Шрифт:
Интервал:
Закладка:
Сложившаяся во второй половине XIX века в Германии историко-этическая школа в политэкономии критиковала смитианскую «догму о своекорыстии», выдвинув в противовес идею тройственной структуры мотивов хозяйственной деятельности: эгоистический, коллективно-принудительный (проводимый в общих интересах) и каритативный (благотворительный). Однако главное течение экономической теории ХХ века отвергло такую постановку вопроса, вернувшись к эгоизму и бентамовскому утилитаризму в модели «экономического человека» как гедониста-оптимизатора, рационально максимизирующего материальную (денежную) выгоду по принципу предельной полезности.

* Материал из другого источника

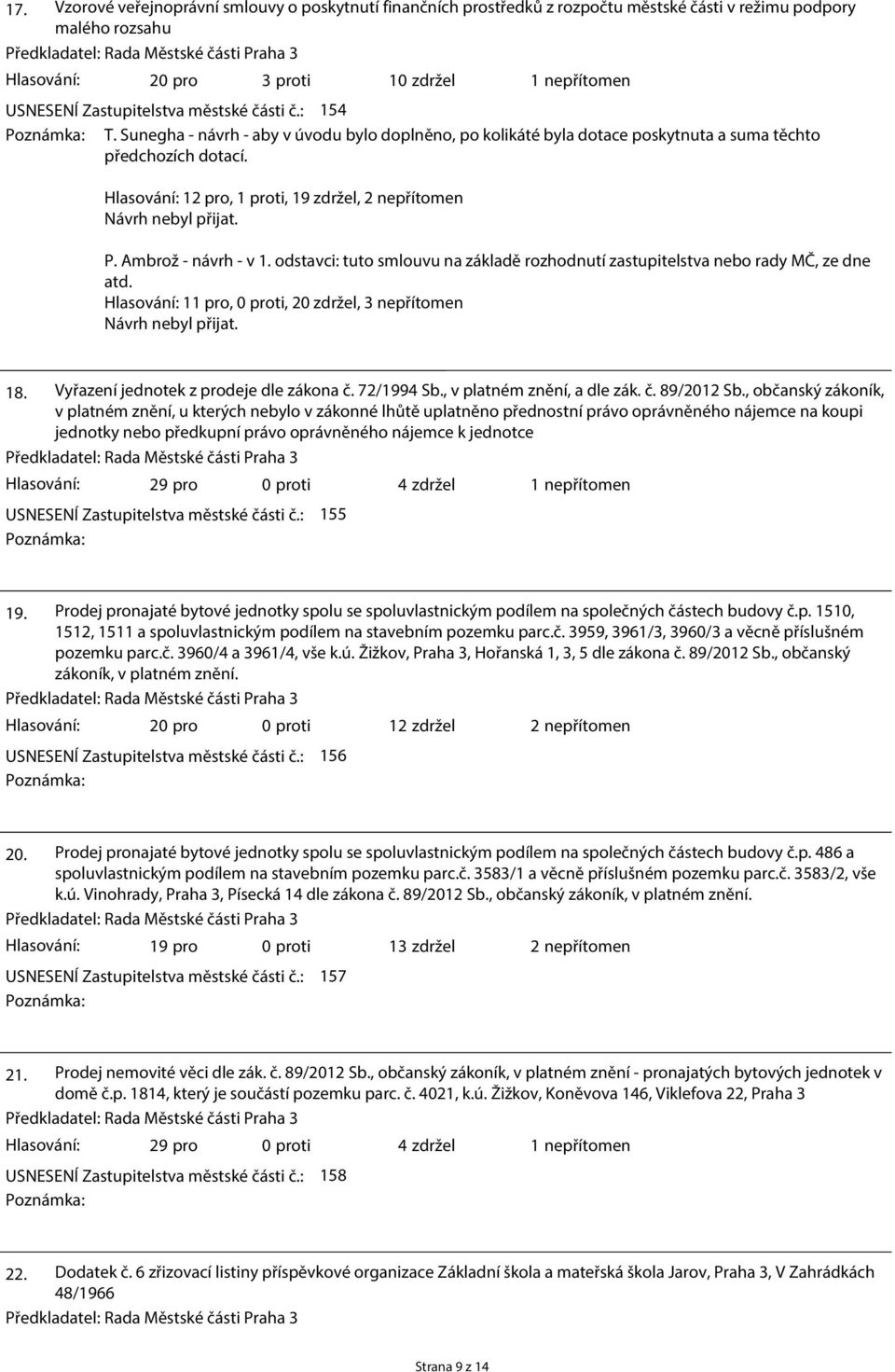 Hlasování: 12 pro, 1 proti, 19 zdržel, 2 nepřítomen Návrh nebyl přijat. P. Ambrož - návrh - v 1. odstavci: tuto smlouvu na základě rozhodnutí zastupitelstva nebo rady MČ, ze dne atd.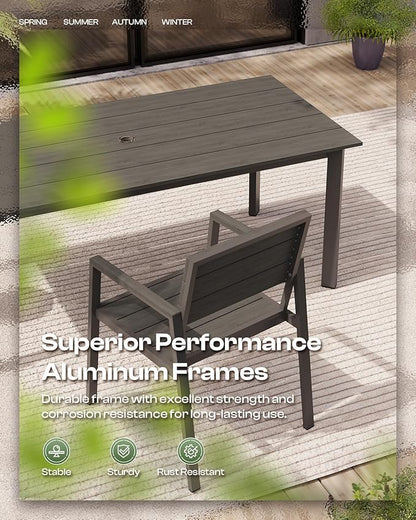 HDPS Outdoor Patio Dining Chairs Set of 2, 350LBS Capacity Aluminum Patio Dining Chairs with Armrests, Weather-Resistant for Lawn, Garden, Yard, Poolside and Indoor Use, Charcoal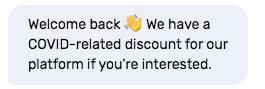 Example of a chatbot greeting script.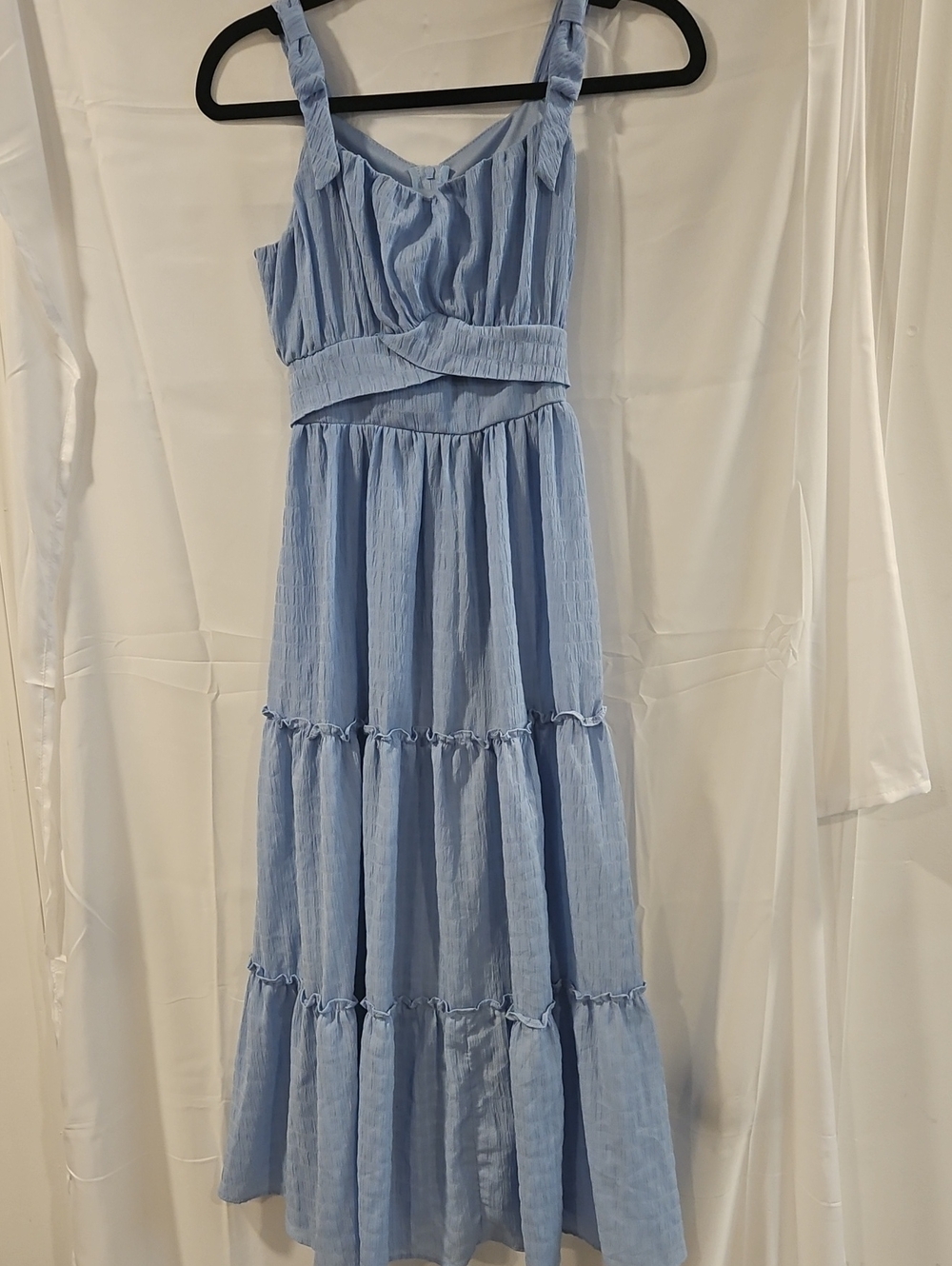 Rare Editions Soft Blue Tiered Maxi Dress with Tie Straps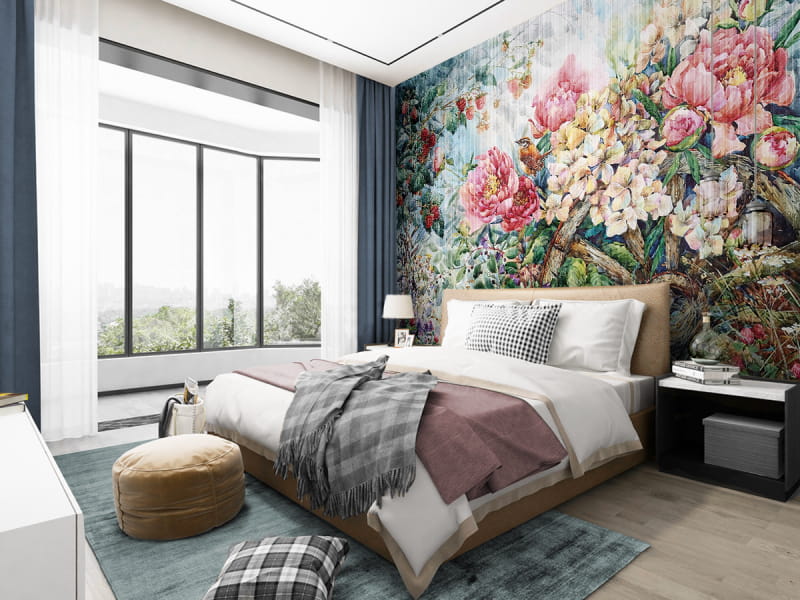 Фотошпалери Півонії, акварель в інтер'єрі спальні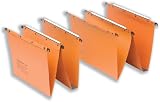 L Oblique Suspension File Manilla Vertical for 100 Sheets V-Base A4 Orange Ref L200000 [Pack 25]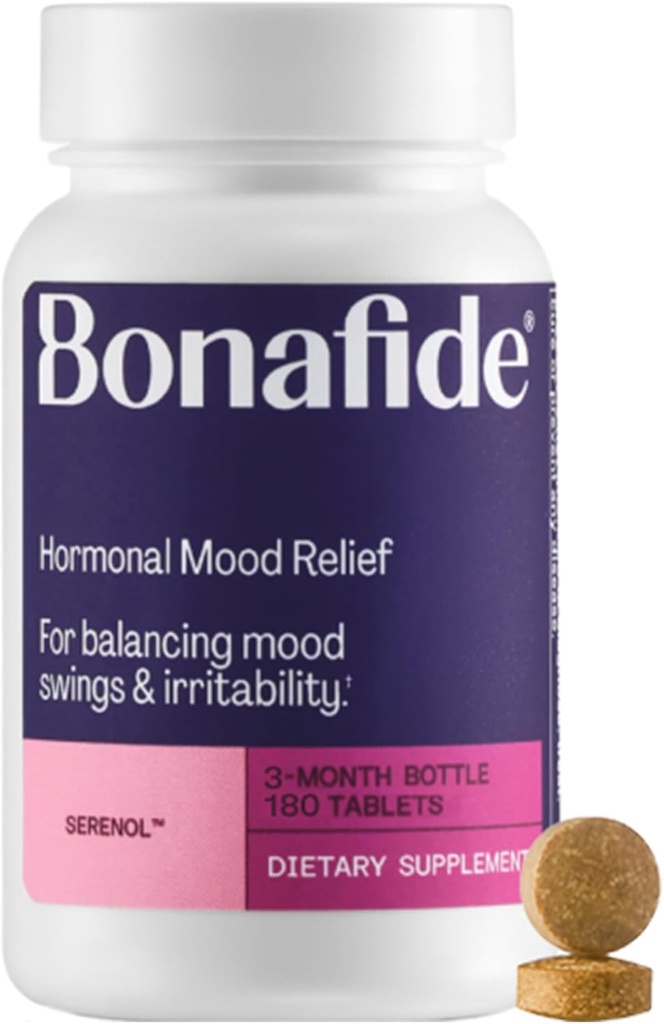 Bonafide의 Serenol. Hormonal Mood Swings, Irritability, & PMS Bloating에서 구호. — 3-Month Supply (180 정제)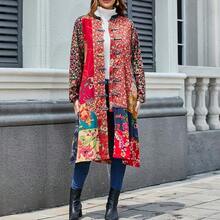 LUZU JUNU Women's Trench Coat Floral Print Long Cotton Linen Jacke Cottagecore Clothing Patchwork Outwear Bohemian Unique - 黃色 - 查看 2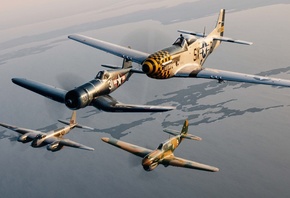 Chance Vought F4U Corsair, De Havilland Mosquito, P-51 Mustang, Curtiss P-40 Warhawk, Breitling Super AVI Collection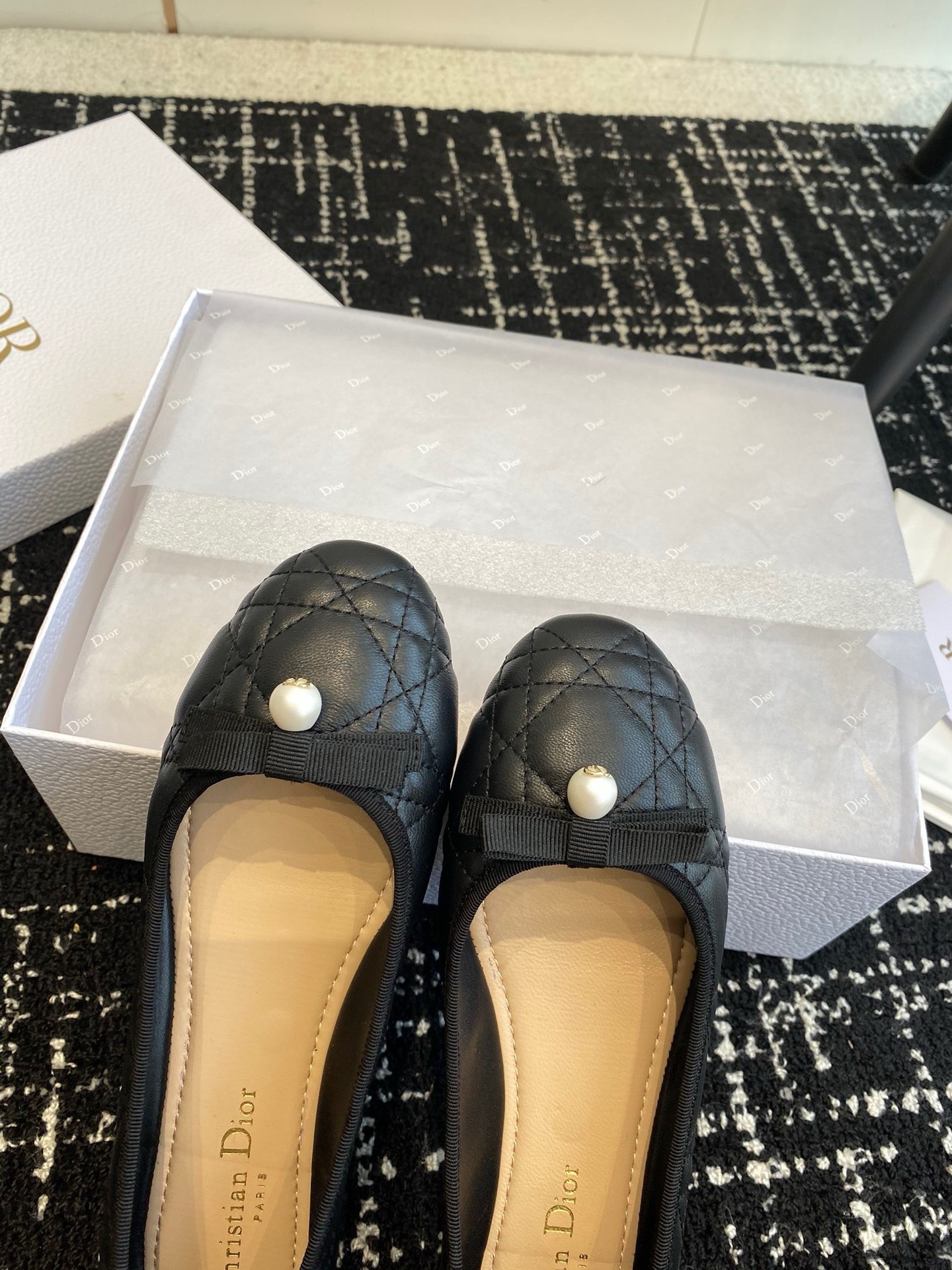 D*or ballerina flats in black quilted cannage calfskin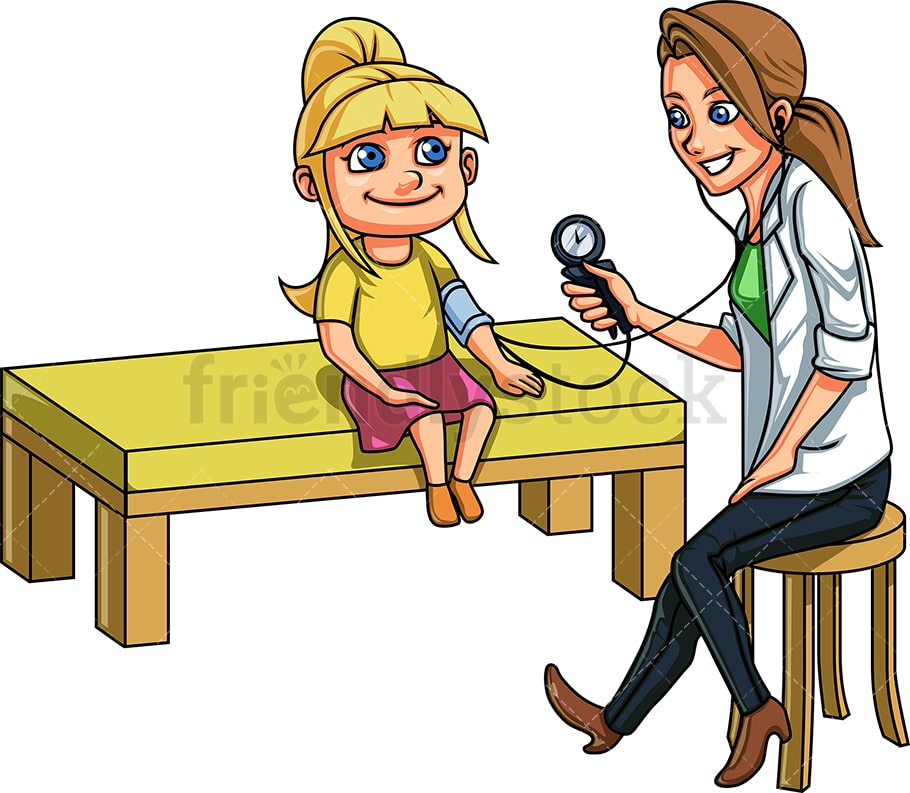 Doctor tomando la presión arterial de la niña Cartoon Vector Clipart -  FriendlyStock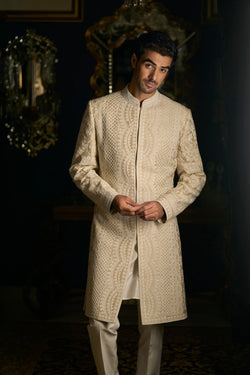 Nude Cream Sherwani Set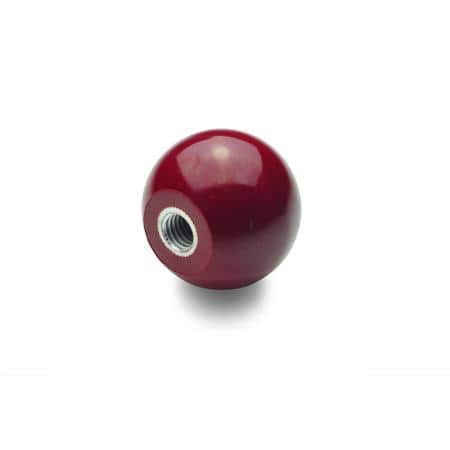Perillas de bola Plástico, rojo, tipo agujero roscado o inserto roscado.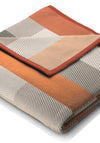Biederlack Textured Block Cotton Home Sofa Blanket, Terracotta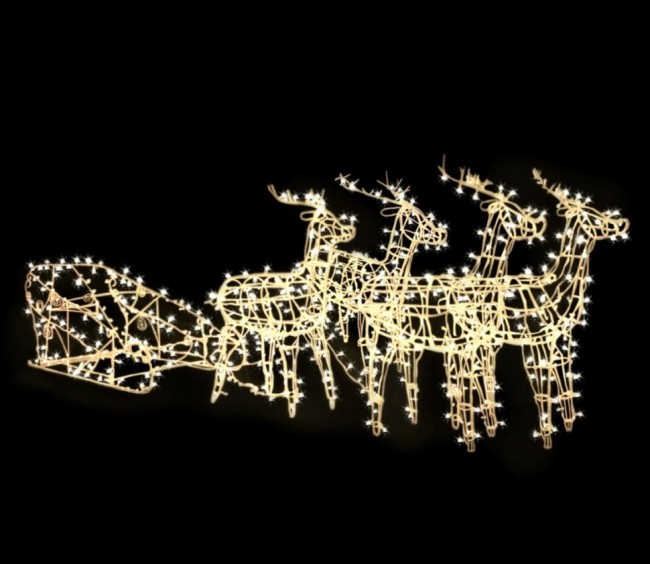 Новогодняя световая композиция "Упряжка Санты" 9 оленей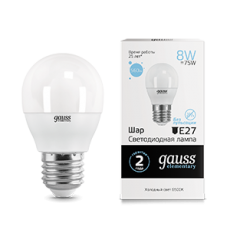 Лампа светодиодная LED 8Вт E27 220В 6500К Elementary шар | 53238 | Gauss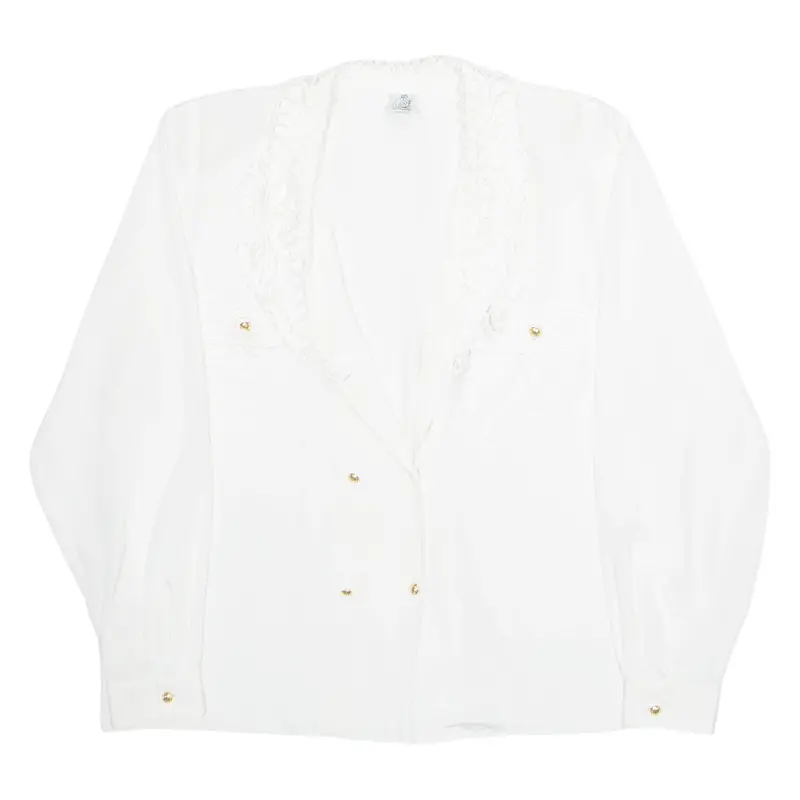 Womens Blouse White Long Sleeve Xl 1
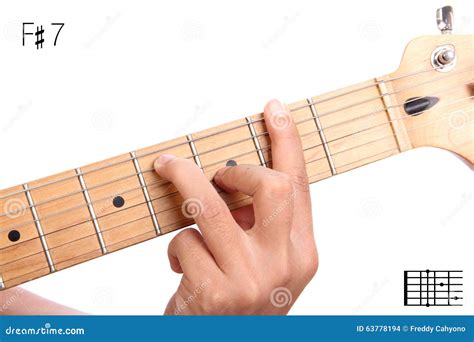 F Sharp Dominant Seventh Guitar Chord Tutorial Stock Photo - Image of ...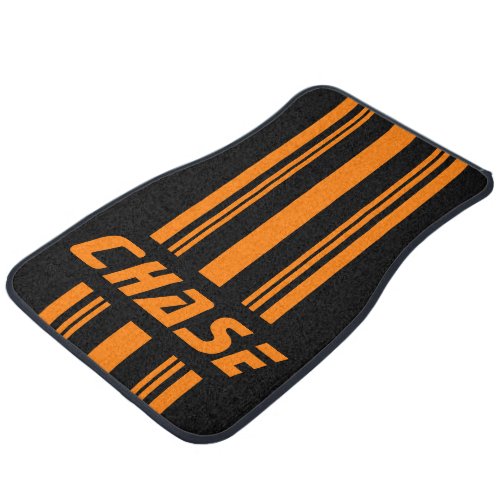 Cool Custom Black  Orange Stripes Set of Car Mats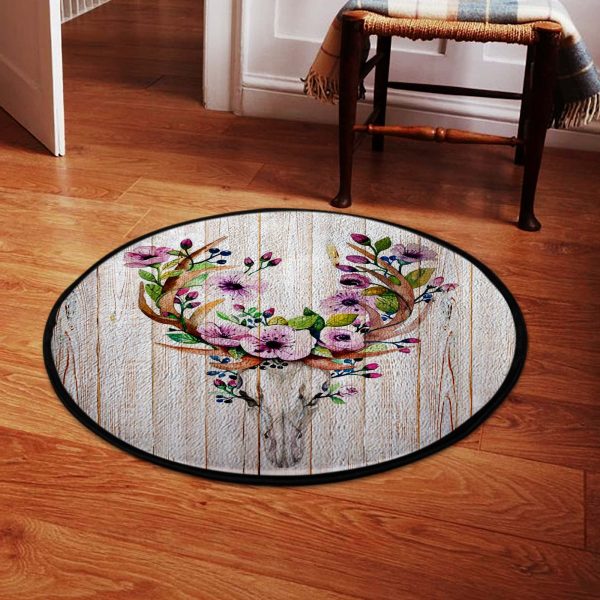 Skull Deer Flower Round Rug, Carpet 07111 - Image 2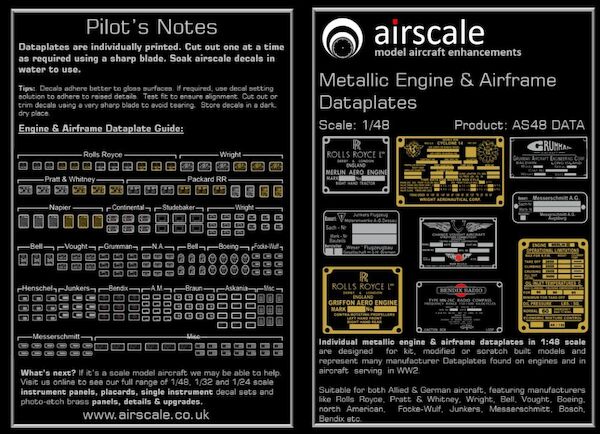 Metallic Engine and Airframe Dataplates  AS48DATA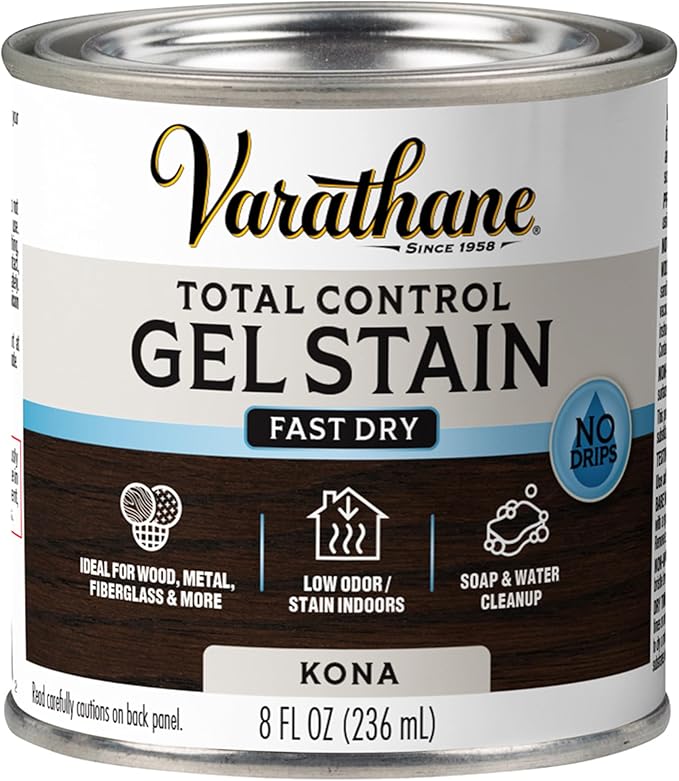 Varathane Total Control Gel Stain | Low Odor Water-Based Formula | Thick Gel Formula for Vertical Surfaces | Ideal for Wood, Metal & Fiberglass | Half Pint | Kona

Систематизаторы мейнстримной «неоклассики» подчеркивали, что нет оснований отстаивать, как это делали идеологи социализма, тезис о совершенной природе человека[556]. Нет оснований, как это делали романтические историки, представлять народ «хорошим, честным, умным, угнетаемым высшими классами»[557]. Зато есть основания отделить изучение рационально-эгоистического экономического поведения от изучения иррациональных мотивов в других сферах жизни общества. Дальнейшее конструирование модели «экономического человека» в мейнстриме привело к концепции «человеческого капитала», в которой личность рассматривается как предприниматель, организующий собственную жизнь, подобно деловому предприятию с подсчетом максимума выгод и минимизации издержек, и к категории оппортунистического поведения, которым человек руководствуется в общественных взаимодействиях. Оно обрекает на утопичность «структуры с изначальной гуманитарной и нерыночной направленностью», требующие «глубокой преданности коллективным целям»[558].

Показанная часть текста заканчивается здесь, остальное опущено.